Welcome, Class of 2016! All your hard work (or lies) paid off and you should be proud to be a freshman at Harvard. But if you’re not, and are instead ashamed to be once again at the bottom of your school’s caste system, here is some helpful advice for masquerading as an upperclassman.

How to Dress

First, take off your Class of 2016 t-shirt. It is a dead giveaway. You should never wear it. Exception: If going to a final club, you will want to wear it to advertise the fact that you are young and naïve.

Next, ditch the lanyard. Just throw your keys and ID in your backpack. Don’t worry too much about losing your keys, because you won’t need them. Sleeping in the freshmen dorms is another dead giveaway that you're, um, a freshman, so just find a couch in Lamont. Or, if you did FOP, start a new Occupy movement and pitch a tent in the yard.

How to Get Around

Like wild dogs and cigarettes, freshmen always travel in packs. This ensures that, when they get lost in the desolate wilds of Cambridge, there will always be enough people to breed a new civilization. It is tempting to follow suit, but if you want to look like an upperclassman when you're walking to lunch or class, it is best to walk alone or in pairs. If you are worried about safety you can always carry pepper spray. That should keep the tourists away.

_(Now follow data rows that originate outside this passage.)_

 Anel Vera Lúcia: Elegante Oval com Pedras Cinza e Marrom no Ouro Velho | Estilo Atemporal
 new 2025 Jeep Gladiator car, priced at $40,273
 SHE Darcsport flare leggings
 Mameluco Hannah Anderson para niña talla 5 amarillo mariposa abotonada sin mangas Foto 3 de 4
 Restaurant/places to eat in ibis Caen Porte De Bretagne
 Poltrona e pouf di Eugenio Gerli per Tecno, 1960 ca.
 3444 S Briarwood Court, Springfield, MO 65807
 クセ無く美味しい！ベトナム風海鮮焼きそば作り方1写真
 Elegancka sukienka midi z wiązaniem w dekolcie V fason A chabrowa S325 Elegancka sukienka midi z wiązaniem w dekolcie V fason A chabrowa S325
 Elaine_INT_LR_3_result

And remember, never use your map or ask for directions. Upperclassmen always pretend like they know where they are going, and you should, too. You will probably get lost looking for your classes, but the best thing about shopping week is that you can just interrupt any class and pretend that you actually intended to be there. If you end up stumbling into an upper division math class or a senior tutorial, bonus points!: you will look even older.

How to Talk

In reality, it is best to keep your speech to a bare minimum—an eagerness to speak is characteristic of all freshmen. Grunts and spastic hand gestures will not only be an appropriate response to most questions, but will make you look cool and indifferent, just like an upperclassman. Some may even assume you’ve spent too much time experimenting with illicit substances, and you know what that means...more upperclassmen cool points.

If you're accused of being mute or your roommates threaten to stage an intervention, you may have to say something. So you can prepare to answer the basics. If people ask you what your concentration is, have a minor existential meltdown—they will assume you are a sophomore. If people ask you what you did this summer, tell them you worked on your thesis at the National Archives of Sweden or spread AIDS awareness to elephants in Thailand or something.

So congratulations! You may be friendless, homeless, and taking all advanced physics classes, but at least everyone will think you are a lonely, homeless, and (struggling) upperclassman. Which, of course, is preferable to being a freshman.